Friday, December 1, 2023

Trust shattered and dereliction of duty by Coast Guard brass (in other words, business as usual for military justice)

Earlier this  summer the U.S. Coast Guard's  senior military leader apologized for her agency's hiding a damning report from the public and Congress that detailed sexual assaults gone unchecked at the U.S. Coast Guard Academy. This report, hidden for years, revealed that military leaders at the Coast Guard Academy were more worried about institutional reputation than in holding criminal perpetrators to account at the time of alleged assaults, and more worried about how the Academy would look (and how their own careers would progress) if the report came to light, thus burying it for years.

In her mea culpa a few months ago for these gross leadership failings, the U.S. Coast Guard's Commandant made empty promises of change, just like so many other top military brass have done over the past decade-plus when facing hard evidence that their senior military leaders are incapable of and unwilling to (1) hold sexual assaulters to account and (2) hold one another accountable for leadership failures in the disciplinary realm.
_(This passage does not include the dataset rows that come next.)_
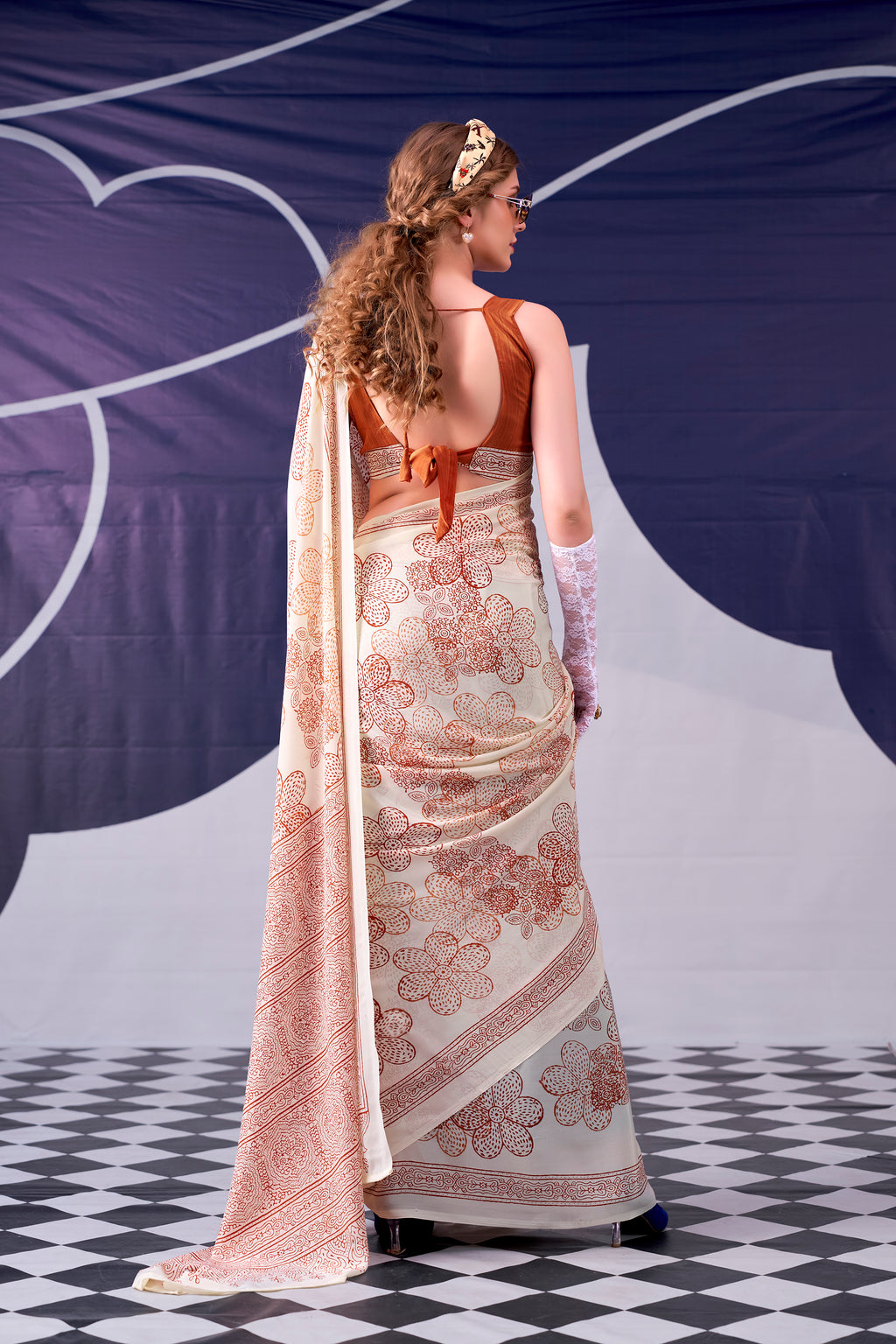 Satin Silk Floral Printed Saree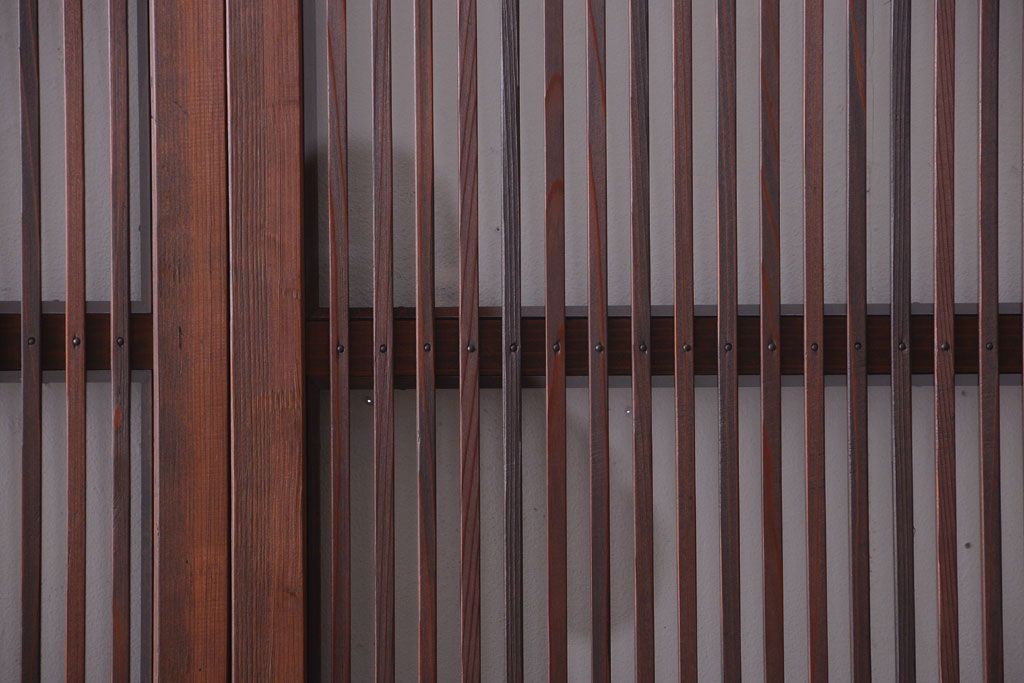 アンティーク　裏ガラス入り!モールガラス帯の格子戸2枚セット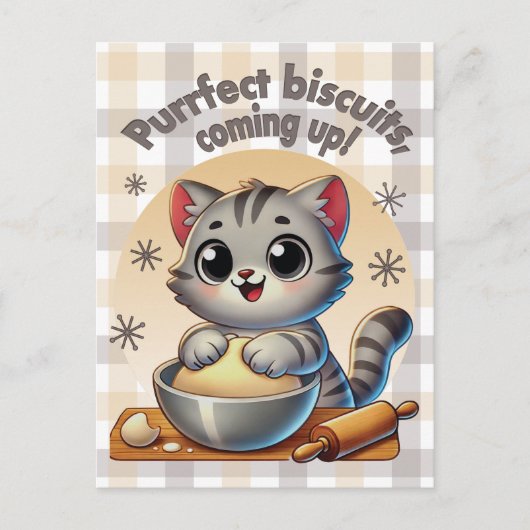 "Purfect biscuits, kommend" Katzenkuppe Postkarte (Vorderseite)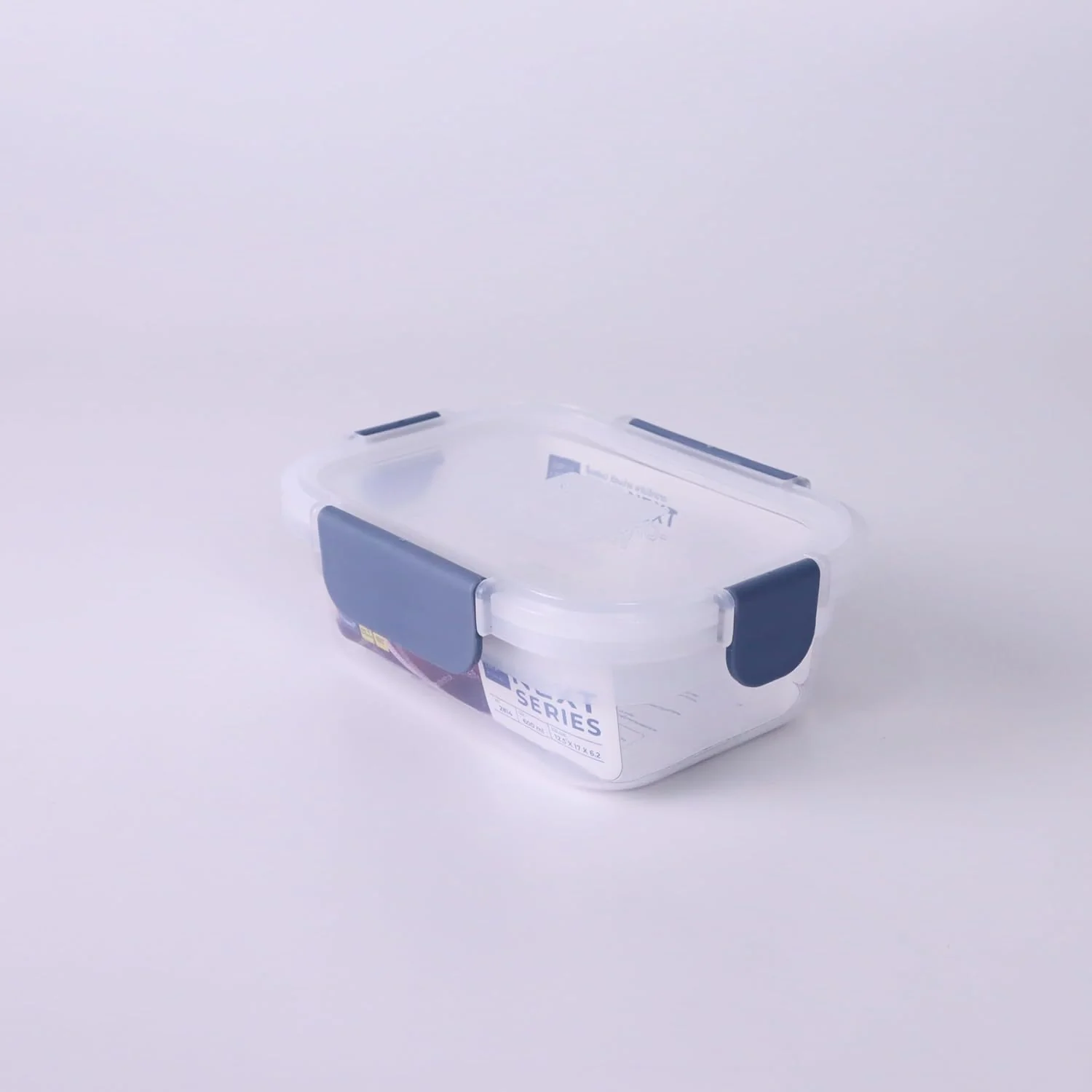 Super Lock Plastic Rectangular Food Container With Lid 600ml-Blue&Transparent - Image 2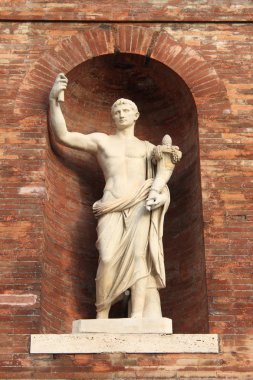 Ancient roman statue with cornucopia clipart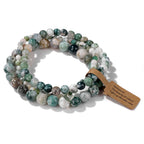 🎀 Spiritual Abacus Pink Zebra & Mixed Natural Stone Bracelet Set 4mm–8mm Beads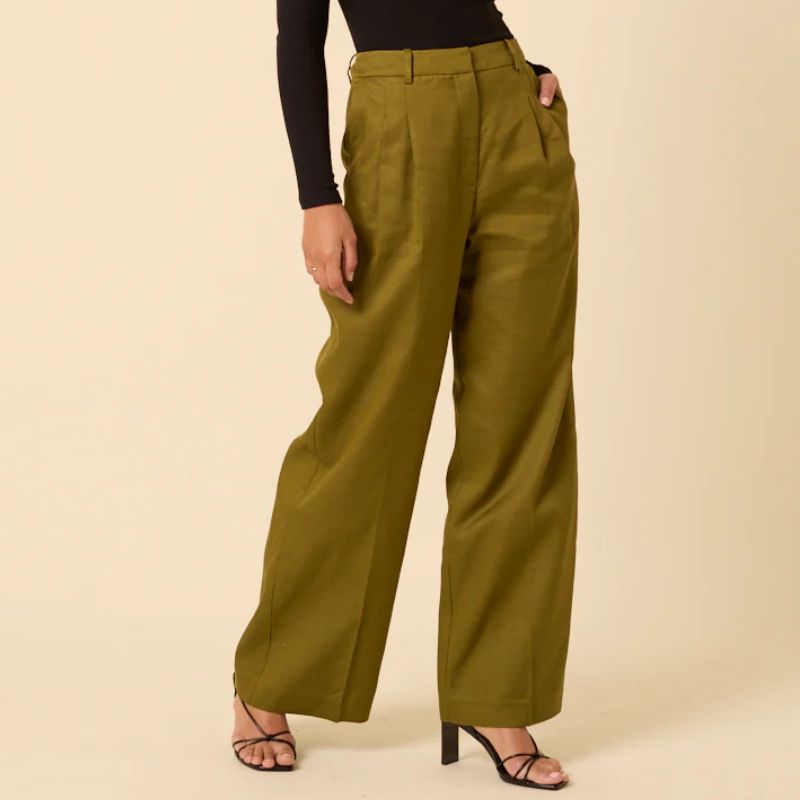 Lisa Snowdon's olive green suit trousers from Nobody's Child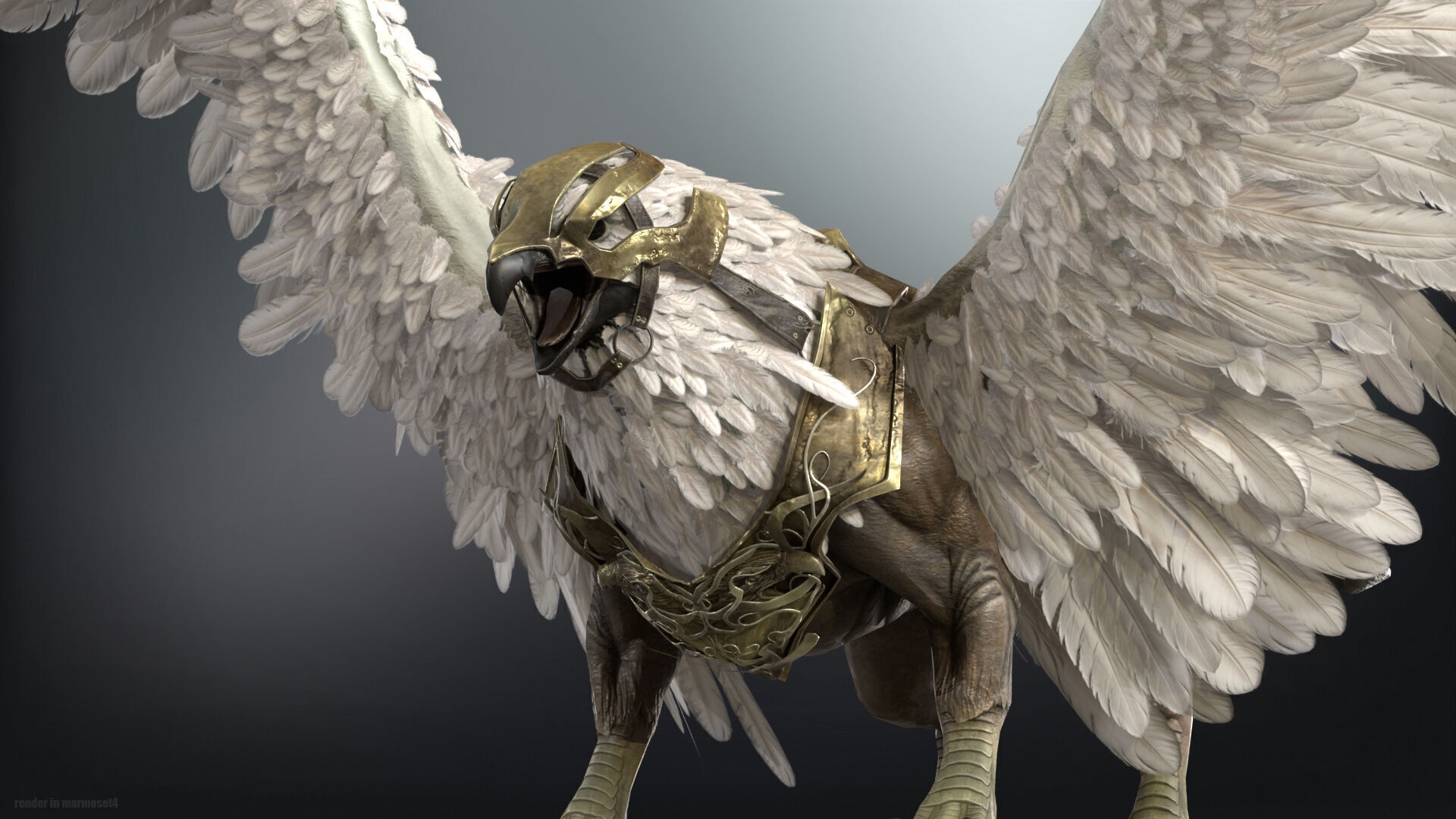 Griffon Low-poly 3D model_3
The Commandant followed the standard practice of pledging reform and transparency, even explaining  that “[t]rust and respect thrive in transparency but are shattered by silence.” 

That trust is, or at least should be, now completely shattered. And certainly the Coast Guard Commandment deserves zero respect for her complicity in covering up patterns of leadership failings in the sexual assault realm. This indictment is due because another hidden report has just surfaced, this time going beyond the Academy to detail troubling patterns of sexual assault and harassment throughout the Coast Guard; it also reveals (as did the Academy report) numerous leadership failings and a cultural refusal to hold perpetrators accountable, and a similar institutionalized refusal to hold leaders accountable for such derelictions of their disciplinary duties.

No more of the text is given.